Iredale feels the shackling policy is a solution to a problem that didn’t exist. “Here in San Diego, the Marshals Service has always been extraordinary in dealing with the security of the courtroom and the humanity of the defendants.”
Chaining, Iredale stated, “says the person is treated like an animal, has no human value, has no rights.”
Cahn said he has clients charged with first-time, nonviolent offenses for whom shackling is painful.
“I have a client who is a veteran of Iraq and Afghanistan who suffered extensive spine and bone injuries from an IED and has post-traumatic stress disorder. It not only causes him physical pain to be held in that position and unable to walk upright, but it causes him extraordinary anguish because of the PTSD.”
Cahn says the impact of being shackled on people who have never been convicted of anything may affect the justice they seek.
“I’m concerned our clients will abandon their defenses so they don’t have to go to court. We have clients who don’t want their families at the proceedings because it’s too humiliating,” he explained. “This is punishment before the conviction.”
Other lawyers say the shackling during hearings poses practical problems that interfere with the defense.
“For me, the hardest part is that when clients need to tell us something, they would be able to write a note and now they can’t,” said an attorney (who asked not to be named) after a hearing where her client was left shackled. “They can barely get the translator’s headphones on and you’re not allowed to help them.”
Other lawyers worry that jurors are being prejudiced.
For example, that the key figure in the U.S. Navy bribery scandal, Leonard Francis, was brought to court and sat through the hearing in shackles was widely reported. His lawyer, Pat Swan, was able to get the judge to order the shackles removed.
In some cases, the defendants are people who are coming to a hearing to be sent into a diversion program — after the U.S. attorney has agreed they pose no risk to society and can be rehabilitated, Cahn said.
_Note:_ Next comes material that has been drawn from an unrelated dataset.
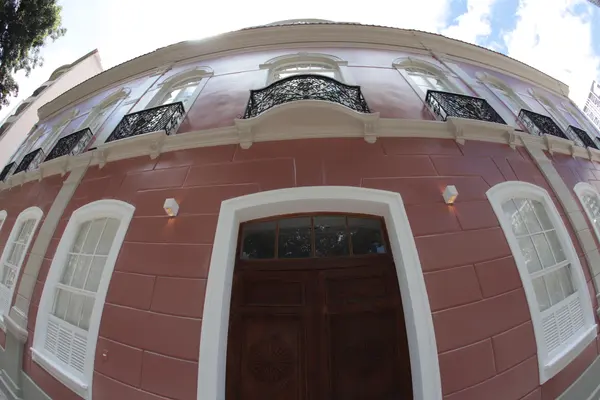 Estrutura da Escola Estadual Delfim Moreira após reformas e revitalização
“Every person who arrives at the Metropolitan Correctional Center is screened at arrival: their criminal history is reviewed and whether or not they are a threat is determined on a case-by-case basis. Very few are,” he said. “But they’re all brought shackled to court.”
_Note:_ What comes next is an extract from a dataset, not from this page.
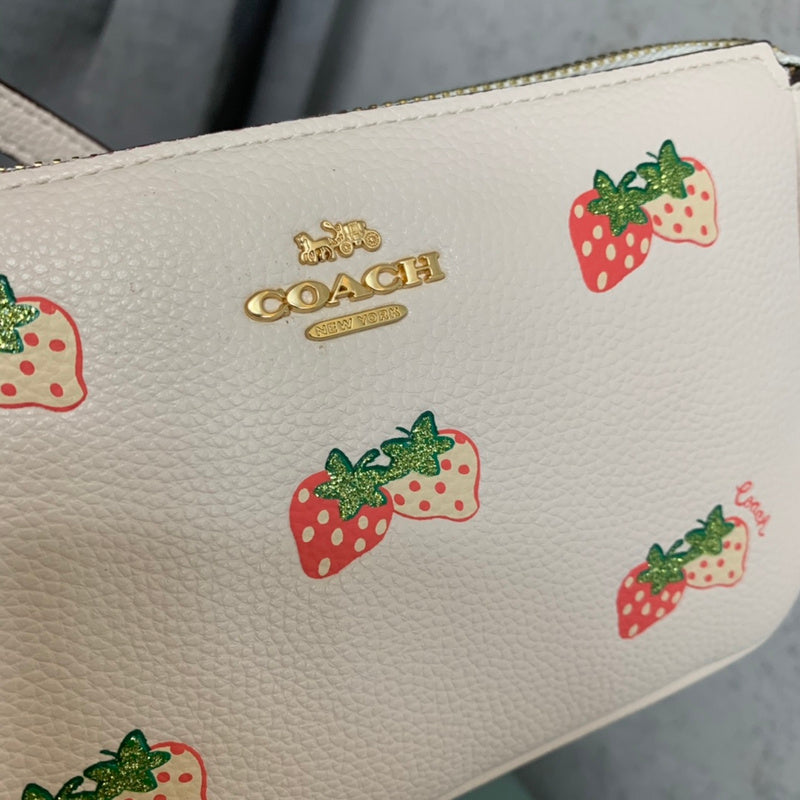 COZY - CAH Bags - 383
The majority of the district and magistrate judges deny requests to have defendants unshackled and defer to the new policy, defense lawyers report. Former judges Irma Gonzalez, Janis Sammartino, and Marilyn Huff have ordered shackles removed for hearings, lawyers say. “The judges have control over their courtrooms,” Iredale says flatly, and Cahn agrees.
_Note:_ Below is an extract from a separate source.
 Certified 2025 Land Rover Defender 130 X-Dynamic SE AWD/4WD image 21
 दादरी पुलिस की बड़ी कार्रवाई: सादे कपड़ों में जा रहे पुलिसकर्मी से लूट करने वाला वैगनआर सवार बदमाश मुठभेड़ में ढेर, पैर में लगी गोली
“That’s the most disturbing thing, to raise this objection to judges who don’t see anything wrong with it,” he said. “The judges operate on the assumption that the defendants believe the judge won’t be biased against them because they are innocent until proven guilty, and then they allow the defendants to be chained like animals. You can see why a defendant would doubt the judge is interested in justice.”
In late November, Cahn argued against the blanket policy before judge Larry Burns, who turned down the writ of mandamus. Cahn will be appealing the ruling to the Ninth Circuit Court of Appeals, he said.